┌────────
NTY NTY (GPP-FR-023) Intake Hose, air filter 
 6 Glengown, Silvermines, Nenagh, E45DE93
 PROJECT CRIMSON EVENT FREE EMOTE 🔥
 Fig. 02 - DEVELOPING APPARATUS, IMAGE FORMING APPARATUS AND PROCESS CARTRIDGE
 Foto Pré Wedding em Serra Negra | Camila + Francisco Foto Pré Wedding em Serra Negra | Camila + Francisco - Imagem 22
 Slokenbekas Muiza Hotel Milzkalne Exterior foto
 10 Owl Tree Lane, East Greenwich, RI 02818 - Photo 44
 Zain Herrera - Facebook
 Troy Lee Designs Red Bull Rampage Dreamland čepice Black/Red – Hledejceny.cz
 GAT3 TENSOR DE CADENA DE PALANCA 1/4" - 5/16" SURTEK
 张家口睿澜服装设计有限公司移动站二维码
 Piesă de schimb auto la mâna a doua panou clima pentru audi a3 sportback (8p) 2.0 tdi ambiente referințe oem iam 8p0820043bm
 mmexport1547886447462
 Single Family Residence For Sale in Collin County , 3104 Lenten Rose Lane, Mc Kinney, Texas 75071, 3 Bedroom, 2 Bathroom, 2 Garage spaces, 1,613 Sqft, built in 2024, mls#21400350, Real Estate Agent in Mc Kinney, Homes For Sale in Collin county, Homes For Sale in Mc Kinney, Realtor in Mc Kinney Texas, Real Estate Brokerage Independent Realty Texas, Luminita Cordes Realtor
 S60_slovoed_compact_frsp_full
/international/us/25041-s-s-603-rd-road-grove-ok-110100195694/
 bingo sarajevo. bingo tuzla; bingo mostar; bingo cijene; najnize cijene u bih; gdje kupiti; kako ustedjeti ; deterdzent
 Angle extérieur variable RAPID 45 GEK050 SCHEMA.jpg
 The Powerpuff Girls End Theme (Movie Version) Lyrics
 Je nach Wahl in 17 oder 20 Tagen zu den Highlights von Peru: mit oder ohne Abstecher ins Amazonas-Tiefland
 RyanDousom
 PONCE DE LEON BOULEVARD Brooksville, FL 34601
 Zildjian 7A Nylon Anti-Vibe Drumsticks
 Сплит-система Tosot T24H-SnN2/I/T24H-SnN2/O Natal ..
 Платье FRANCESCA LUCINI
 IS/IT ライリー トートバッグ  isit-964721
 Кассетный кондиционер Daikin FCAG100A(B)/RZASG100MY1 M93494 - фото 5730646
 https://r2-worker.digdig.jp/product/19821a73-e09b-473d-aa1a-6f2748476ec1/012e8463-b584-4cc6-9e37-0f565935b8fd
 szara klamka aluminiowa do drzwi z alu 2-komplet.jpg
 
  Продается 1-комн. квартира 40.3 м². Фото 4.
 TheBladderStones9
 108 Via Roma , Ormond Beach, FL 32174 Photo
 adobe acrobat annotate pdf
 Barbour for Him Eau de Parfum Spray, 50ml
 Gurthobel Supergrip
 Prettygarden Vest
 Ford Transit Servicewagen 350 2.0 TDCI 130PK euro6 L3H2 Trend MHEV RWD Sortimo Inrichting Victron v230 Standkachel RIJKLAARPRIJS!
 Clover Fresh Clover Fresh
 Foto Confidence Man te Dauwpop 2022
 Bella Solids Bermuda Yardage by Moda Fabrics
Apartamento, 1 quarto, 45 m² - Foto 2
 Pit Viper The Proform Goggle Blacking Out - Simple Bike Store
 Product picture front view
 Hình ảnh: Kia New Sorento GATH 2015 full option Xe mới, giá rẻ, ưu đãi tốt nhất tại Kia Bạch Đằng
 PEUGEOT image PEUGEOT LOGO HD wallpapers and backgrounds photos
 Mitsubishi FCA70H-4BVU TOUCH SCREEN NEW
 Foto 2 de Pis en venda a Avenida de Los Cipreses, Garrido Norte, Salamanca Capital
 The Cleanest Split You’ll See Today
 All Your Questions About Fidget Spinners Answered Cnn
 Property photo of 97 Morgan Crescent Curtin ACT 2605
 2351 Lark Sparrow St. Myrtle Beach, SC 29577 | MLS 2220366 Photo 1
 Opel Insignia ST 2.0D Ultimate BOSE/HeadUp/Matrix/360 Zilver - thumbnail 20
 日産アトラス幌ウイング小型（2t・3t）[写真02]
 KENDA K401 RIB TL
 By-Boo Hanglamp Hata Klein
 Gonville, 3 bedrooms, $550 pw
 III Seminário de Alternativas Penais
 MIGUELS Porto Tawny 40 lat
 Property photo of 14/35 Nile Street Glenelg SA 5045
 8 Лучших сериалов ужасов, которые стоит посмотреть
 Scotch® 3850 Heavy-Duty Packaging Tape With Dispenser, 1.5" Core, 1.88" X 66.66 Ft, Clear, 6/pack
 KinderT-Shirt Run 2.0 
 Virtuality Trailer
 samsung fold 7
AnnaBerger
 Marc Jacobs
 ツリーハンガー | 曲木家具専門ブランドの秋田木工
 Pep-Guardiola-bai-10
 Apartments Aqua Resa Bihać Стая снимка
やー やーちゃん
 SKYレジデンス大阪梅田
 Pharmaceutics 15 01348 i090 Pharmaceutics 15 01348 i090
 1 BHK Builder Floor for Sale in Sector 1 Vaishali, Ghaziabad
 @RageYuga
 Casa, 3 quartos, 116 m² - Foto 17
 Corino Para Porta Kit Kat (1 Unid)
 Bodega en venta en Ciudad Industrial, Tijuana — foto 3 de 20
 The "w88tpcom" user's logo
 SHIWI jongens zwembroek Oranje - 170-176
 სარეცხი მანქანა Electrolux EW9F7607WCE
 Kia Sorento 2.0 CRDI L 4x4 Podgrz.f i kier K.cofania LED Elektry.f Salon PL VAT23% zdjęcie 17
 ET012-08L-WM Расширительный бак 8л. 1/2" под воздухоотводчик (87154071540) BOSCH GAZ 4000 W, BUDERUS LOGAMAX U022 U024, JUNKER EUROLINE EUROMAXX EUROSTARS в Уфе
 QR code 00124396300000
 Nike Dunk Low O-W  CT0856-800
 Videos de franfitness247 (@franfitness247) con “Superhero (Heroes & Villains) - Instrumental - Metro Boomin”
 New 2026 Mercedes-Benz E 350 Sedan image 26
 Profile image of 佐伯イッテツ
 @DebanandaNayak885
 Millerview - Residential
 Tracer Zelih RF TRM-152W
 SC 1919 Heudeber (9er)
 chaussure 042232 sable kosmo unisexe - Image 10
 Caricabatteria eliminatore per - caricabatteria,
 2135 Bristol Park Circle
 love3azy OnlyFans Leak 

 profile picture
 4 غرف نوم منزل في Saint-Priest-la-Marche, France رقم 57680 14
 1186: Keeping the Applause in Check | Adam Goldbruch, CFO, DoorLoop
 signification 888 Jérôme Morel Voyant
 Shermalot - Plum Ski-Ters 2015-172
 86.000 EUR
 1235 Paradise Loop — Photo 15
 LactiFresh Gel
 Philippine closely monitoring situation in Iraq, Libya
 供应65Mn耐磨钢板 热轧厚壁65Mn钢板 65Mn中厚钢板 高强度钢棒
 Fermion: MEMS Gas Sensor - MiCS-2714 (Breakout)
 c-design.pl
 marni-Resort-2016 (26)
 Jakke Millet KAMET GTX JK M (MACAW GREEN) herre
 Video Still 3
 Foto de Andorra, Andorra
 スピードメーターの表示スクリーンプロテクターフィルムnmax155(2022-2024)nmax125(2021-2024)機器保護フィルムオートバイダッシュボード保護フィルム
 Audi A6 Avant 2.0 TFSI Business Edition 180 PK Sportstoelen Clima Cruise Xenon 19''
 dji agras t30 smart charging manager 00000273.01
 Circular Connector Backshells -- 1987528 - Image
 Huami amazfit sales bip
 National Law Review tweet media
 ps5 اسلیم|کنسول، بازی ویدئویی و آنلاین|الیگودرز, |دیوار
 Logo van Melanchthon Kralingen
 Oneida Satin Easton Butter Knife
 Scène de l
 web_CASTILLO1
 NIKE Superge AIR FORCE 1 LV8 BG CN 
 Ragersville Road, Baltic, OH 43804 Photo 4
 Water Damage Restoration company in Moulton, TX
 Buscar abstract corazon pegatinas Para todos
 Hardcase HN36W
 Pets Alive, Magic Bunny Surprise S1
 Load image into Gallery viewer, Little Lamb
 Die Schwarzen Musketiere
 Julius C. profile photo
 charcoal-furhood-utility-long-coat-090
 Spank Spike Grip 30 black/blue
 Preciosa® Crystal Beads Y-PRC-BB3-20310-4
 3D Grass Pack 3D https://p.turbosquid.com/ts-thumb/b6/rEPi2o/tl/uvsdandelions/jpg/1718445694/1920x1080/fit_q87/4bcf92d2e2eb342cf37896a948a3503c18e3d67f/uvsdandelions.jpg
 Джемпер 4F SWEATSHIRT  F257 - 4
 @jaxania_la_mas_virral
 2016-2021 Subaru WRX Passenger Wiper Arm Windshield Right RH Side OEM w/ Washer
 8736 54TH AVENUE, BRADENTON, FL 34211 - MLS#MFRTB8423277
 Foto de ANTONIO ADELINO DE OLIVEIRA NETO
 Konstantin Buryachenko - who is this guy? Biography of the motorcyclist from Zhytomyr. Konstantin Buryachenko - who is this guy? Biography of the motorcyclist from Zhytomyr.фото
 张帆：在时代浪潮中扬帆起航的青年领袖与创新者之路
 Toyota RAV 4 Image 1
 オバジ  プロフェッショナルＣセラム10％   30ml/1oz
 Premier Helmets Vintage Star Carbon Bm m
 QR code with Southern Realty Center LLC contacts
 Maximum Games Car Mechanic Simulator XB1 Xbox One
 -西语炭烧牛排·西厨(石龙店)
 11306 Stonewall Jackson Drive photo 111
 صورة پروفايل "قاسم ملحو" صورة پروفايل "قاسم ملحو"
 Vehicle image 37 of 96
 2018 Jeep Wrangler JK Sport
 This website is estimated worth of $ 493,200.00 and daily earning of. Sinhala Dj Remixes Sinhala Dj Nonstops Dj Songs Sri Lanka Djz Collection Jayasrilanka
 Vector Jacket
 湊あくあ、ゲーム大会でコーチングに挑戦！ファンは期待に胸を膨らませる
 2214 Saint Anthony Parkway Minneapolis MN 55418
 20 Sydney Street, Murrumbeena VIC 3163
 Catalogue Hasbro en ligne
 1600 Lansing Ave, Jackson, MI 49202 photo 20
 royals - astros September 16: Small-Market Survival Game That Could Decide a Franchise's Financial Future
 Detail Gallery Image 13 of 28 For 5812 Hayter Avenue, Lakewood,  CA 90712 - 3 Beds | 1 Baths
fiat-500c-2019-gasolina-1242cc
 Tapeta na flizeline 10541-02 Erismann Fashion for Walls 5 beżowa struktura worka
└────────
● Instructions to follow:
Your answer should be the lines of the records that include the word "Street".

● Response to this task:
 Property photo of 14/35 Nile Street Glenelg SA 5045
 20 Sydney Street, Murrumbeena VIC 3163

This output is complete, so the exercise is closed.